* Data for review *
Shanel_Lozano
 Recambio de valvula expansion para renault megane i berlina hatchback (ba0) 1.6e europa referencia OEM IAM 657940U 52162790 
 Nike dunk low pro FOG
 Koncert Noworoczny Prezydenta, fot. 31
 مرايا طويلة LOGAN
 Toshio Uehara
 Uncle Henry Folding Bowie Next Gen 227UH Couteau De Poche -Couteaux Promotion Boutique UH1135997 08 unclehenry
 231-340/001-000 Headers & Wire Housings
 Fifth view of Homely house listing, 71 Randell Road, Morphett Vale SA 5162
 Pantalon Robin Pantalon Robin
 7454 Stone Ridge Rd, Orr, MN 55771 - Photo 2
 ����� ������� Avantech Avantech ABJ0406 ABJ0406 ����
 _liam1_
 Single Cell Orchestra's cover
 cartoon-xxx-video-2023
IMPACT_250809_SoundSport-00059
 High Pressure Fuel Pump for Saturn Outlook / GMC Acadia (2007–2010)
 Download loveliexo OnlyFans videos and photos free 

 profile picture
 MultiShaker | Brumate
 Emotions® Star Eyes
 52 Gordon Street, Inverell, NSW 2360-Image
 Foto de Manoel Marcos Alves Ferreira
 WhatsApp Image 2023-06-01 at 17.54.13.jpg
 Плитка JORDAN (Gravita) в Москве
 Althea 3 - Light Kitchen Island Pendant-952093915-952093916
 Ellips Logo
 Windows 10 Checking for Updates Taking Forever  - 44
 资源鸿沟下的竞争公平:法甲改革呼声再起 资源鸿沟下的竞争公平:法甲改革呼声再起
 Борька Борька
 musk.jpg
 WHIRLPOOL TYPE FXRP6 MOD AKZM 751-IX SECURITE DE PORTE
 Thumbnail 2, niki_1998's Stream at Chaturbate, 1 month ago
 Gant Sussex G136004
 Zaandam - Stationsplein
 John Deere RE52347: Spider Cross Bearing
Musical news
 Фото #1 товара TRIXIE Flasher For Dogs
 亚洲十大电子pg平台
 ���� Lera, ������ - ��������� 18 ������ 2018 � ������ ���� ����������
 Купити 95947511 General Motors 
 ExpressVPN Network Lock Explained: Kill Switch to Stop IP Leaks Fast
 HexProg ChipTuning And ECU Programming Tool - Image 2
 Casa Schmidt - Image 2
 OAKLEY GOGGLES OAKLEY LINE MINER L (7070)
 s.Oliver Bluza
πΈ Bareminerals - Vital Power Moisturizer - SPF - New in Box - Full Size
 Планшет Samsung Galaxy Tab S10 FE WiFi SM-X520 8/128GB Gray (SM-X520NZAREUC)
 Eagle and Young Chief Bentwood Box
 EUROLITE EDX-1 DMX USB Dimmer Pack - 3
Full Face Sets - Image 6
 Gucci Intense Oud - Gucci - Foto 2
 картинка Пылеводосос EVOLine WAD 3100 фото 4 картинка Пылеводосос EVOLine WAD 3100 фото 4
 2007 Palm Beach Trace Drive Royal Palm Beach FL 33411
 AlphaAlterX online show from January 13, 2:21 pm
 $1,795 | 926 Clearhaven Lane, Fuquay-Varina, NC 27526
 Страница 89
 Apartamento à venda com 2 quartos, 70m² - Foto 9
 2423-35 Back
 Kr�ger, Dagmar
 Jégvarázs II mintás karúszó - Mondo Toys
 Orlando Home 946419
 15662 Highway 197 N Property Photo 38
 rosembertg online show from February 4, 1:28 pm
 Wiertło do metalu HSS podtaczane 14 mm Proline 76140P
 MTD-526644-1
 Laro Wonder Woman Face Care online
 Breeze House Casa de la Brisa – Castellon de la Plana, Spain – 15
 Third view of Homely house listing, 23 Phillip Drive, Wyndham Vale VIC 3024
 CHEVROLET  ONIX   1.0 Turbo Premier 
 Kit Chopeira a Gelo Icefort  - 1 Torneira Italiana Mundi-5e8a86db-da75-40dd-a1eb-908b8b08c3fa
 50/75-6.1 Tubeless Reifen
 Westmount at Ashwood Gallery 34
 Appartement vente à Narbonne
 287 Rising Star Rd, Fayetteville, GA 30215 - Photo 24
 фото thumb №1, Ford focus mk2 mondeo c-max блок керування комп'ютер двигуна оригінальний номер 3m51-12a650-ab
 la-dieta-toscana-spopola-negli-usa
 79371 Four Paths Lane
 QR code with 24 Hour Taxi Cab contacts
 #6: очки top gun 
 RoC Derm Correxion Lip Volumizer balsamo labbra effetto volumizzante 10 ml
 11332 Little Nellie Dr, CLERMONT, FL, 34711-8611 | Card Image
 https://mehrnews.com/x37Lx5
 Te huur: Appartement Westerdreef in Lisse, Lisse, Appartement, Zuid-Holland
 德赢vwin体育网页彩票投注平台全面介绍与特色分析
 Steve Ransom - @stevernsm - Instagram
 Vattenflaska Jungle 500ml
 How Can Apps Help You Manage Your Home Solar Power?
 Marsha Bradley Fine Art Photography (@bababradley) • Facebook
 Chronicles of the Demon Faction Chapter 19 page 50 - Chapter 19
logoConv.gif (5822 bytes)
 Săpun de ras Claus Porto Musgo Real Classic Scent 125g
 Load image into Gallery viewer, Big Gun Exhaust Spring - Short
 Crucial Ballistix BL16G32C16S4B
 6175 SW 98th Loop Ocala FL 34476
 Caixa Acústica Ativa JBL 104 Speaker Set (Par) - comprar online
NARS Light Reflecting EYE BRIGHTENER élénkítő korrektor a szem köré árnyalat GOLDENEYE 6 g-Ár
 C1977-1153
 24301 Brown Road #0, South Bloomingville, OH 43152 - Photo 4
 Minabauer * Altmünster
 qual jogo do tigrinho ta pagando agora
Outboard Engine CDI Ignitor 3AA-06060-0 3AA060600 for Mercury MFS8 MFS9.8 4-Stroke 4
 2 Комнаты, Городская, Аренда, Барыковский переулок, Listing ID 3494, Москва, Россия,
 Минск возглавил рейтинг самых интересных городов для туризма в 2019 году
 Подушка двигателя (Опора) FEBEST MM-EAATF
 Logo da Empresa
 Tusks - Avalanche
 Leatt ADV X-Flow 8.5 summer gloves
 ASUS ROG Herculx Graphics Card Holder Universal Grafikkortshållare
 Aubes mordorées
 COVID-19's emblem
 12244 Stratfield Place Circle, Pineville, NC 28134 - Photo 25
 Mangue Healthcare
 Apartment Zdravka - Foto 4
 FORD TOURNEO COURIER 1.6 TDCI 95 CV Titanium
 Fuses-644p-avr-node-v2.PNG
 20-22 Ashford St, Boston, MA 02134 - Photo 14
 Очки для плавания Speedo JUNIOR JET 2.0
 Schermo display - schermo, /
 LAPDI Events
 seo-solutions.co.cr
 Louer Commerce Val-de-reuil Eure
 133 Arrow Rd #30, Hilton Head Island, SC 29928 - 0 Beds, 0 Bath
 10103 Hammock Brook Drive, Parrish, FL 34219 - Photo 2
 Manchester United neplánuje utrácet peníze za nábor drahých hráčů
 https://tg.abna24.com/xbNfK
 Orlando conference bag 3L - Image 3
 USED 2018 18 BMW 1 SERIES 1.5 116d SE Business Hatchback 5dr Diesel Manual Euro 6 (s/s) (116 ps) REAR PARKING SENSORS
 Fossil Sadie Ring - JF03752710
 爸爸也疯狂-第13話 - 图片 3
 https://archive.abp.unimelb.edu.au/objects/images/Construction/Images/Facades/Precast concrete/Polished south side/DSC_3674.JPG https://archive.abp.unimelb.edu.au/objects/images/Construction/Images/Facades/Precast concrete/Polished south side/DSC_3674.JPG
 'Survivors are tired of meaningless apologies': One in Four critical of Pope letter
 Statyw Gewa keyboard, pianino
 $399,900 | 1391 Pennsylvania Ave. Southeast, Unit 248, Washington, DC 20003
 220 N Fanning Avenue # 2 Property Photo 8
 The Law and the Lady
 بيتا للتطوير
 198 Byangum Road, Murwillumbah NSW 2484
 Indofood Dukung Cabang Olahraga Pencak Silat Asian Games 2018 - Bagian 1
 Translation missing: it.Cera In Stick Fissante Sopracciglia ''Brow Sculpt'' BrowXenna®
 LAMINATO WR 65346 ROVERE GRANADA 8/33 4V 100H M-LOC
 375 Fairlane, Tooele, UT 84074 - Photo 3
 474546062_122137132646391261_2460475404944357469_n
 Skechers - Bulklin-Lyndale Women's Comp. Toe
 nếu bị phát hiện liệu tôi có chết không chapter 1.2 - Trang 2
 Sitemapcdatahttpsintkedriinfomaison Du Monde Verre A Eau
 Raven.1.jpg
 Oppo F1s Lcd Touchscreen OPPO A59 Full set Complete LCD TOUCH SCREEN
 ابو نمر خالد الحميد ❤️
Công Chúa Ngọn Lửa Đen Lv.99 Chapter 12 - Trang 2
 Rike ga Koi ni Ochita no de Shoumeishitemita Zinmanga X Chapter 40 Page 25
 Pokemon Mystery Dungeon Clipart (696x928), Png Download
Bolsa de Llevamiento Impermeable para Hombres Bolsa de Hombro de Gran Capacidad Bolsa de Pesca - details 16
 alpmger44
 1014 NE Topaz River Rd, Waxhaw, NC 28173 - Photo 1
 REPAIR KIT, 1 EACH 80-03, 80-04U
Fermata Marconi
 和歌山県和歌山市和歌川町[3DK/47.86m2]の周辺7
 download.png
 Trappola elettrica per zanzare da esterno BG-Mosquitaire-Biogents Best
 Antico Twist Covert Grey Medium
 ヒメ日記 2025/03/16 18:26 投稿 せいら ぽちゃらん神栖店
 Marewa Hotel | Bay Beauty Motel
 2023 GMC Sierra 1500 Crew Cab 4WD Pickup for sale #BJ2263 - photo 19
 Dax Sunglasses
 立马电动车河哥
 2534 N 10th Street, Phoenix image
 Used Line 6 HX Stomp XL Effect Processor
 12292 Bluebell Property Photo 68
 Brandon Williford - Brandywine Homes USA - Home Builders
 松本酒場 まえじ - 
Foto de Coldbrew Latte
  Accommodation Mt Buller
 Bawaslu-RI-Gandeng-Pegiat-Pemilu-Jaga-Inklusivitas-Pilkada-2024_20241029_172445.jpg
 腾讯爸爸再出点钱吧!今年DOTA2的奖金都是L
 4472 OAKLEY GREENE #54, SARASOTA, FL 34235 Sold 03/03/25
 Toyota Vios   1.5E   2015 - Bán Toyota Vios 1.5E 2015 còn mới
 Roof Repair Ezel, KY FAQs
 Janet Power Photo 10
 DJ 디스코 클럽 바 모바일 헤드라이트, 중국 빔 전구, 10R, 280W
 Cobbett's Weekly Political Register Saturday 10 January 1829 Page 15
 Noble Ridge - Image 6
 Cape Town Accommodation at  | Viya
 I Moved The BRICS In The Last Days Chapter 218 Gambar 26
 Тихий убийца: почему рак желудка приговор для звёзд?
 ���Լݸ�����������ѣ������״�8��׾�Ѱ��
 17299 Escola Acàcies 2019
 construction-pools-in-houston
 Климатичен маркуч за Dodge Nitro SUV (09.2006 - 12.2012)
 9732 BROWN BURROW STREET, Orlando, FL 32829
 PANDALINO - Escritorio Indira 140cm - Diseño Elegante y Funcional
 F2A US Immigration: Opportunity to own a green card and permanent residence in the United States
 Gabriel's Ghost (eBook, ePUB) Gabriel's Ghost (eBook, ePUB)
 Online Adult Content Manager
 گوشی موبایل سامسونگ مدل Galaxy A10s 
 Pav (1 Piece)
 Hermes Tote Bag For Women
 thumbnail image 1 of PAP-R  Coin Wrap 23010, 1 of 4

* Problem *
Copy verbatim, from the listing above, each line from the one containing "Orlando Home 946419" down to the one containing "Appartement vente à Narbonne", inclusive.

* Final answer *
 Orlando Home 946419
 15662 Highway 197 N Property Photo 38
 rosembertg online show from February 4, 1:28 pm
 Wiertło do metalu HSS podtaczane 14 mm Proline 76140P
 MTD-526644-1
 Laro Wonder Woman Face Care online
 Breeze House Casa de la Brisa – Castellon de la Plana, Spain – 15
 Third view of Homely house listing, 23 Phillip Drive, Wyndham Vale VIC 3024
 CHEVROLET  ONIX   1.0 Turbo Premier 
 Kit Chopeira a Gelo Icefort  - 1 Torneira Italiana Mundi-5e8a86db-da75-40dd-a1eb-908b8b08c3fa
 50/75-6.1 Tubeless Reifen
 Westmount at Ashwood Gallery 34
 Appartement vente à Narbonne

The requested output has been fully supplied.